B.

Zipp by Frances Hodgkins

Collection

‘I can't tell you the horror of the Blackout and the effects on your nerves - the want of ventilation at night is very tiring - perhaps the nastiest part of it all.' - Frances Hodgkins in a letter to her brother, William.

Frances Hodgkins Zipp 1945. Oil on canvas. Collection of Christchurch Art Gallery Te Puna o Waiwhetū, purchased 1979

Frances Hodgkins Zipp 1945. Oil on canvas. Collection of Christchurch Art Gallery Te Puna o Waiwhetū, purchased 1979

Frances Hodgkins was born in Dunedin on April 28, 1869, to a family of practising artists. Her father, William Matthew Hodgkins, was a watercolourist and prominent figure in Dunedin's art circles, and her elder sister, Isabel Field, nee Hodgkins, exhibited along with Frances in art societies throughout New Zealand in the 1890s.

Frances left New Zealand permanently to settle in England in 1913, and made a career for herself as a professional artist, rating among leading contemporary British artists of her time.

When war broke out in September 1939, Frances Hodgkins was 70 and nearing the end of a painting career stretching back to the early 1890s. Suddenly the quite village of Corfe Castle in Dorset, where she had her studio, was overrun with troops and heavy military traffic as the British war machine swung into action. She found it increasingly difficult to cope.

By June 1942 the effects of the heavy convoys had caused the stone roof of her studio to weaken, and part of it slide into the courtyard below.

Coastal gunfire and artillery practice rattled the large windows of her studio, and Frances worried that it would be requisitioned for troop accommodation or house refugees from the cities, as it was during the First World War.

Frances sought refuge at The Croft, the country retreat of one of her patrons, Geoffrey Gorer, in Somerset. Gorer also provided Frances with the Croft's caretaker, Annie Coggan, who with her daughter Nancy undertook domestic chores allowing Frances to continue painting.

Peace at The Croft was short-lived, however, as German bombers began flying overhead on their way to bomb towns in the north-west. In a letter to her brother, William, she commented "this new pilot horror makes us feel rather desperate, especially at nights - overhead both day and night doing their damnedest to keep one awake and guessing - you no doubt wonder why I stay? So do I."

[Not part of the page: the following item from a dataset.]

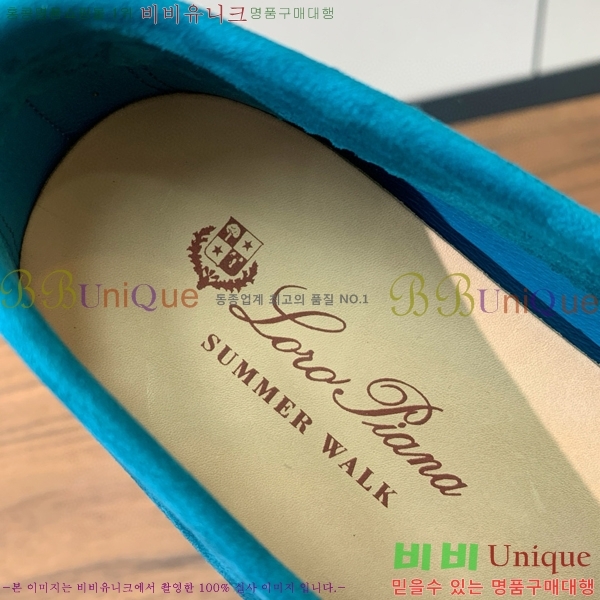 �η��ǾƳ� ��� ��ũ ���� LP4542171-19 ��������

Frances and the Coggans would often shelter under the stairs of the two-storeyed cottage at the sound of approaching aircraft. At one stage a landmine fell on a neighbouring farm, narrowly missing the Croft. In early 1941 The Croft was used to house evacuees from London, and this continued throughout the war. Frances returned to Corf Castle, visiting The Croft periodically. On one of these visits she had some clothing stolen by a family of evacuees. According to Nancy Moore (nee Coggan) it is these clothes which inspired the subject of Zipp.

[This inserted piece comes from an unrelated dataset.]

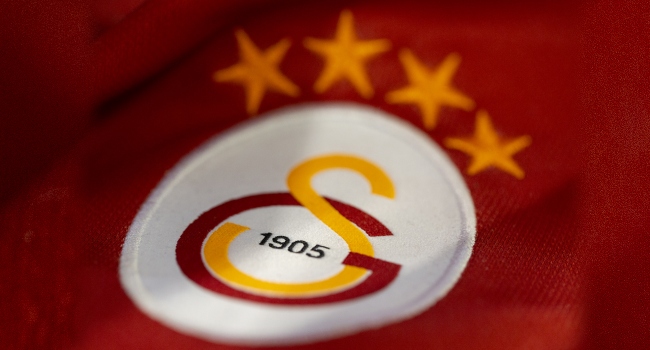 Galatasaray Kulübü'nün 2020 yılı olağan genel kurulu başladı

The subject matter in Zipp is a still life of her stolen clothing, including a belt and shoes, heaped in a pile.

The dark sombre background in this work, and others from this period, reflect the depressing experiences that wartime Britain had on Hodgkins. Apart from the effects of constant wartime noise, there were also shortages in basic essentials, such as food, clothing, and heating.

Heating supplies were particularly difficult to acquire and led Hodgkins to abandon her studio during the winter months, as she was unable to heat it, and suffered badly from chilblains on her hands.

The war had a profound effect on her mental and physical health: even the blackout reshaped her vision of the world. Zipp was painted two years before her death in May 1947.

It was first exhibited at the Artists of Fame and Promise Exhibition held at London's Leicester Gallery in July and August, 1946. It was brought from a London collection in 1979 by former Robert McDougall Art Gallery director T. L. Rodney Wilson. From 1979 to 1981 Wilson actively sought Hodgkins' work for the gallery's collection and obtained four oil paintings and one gouache during this period.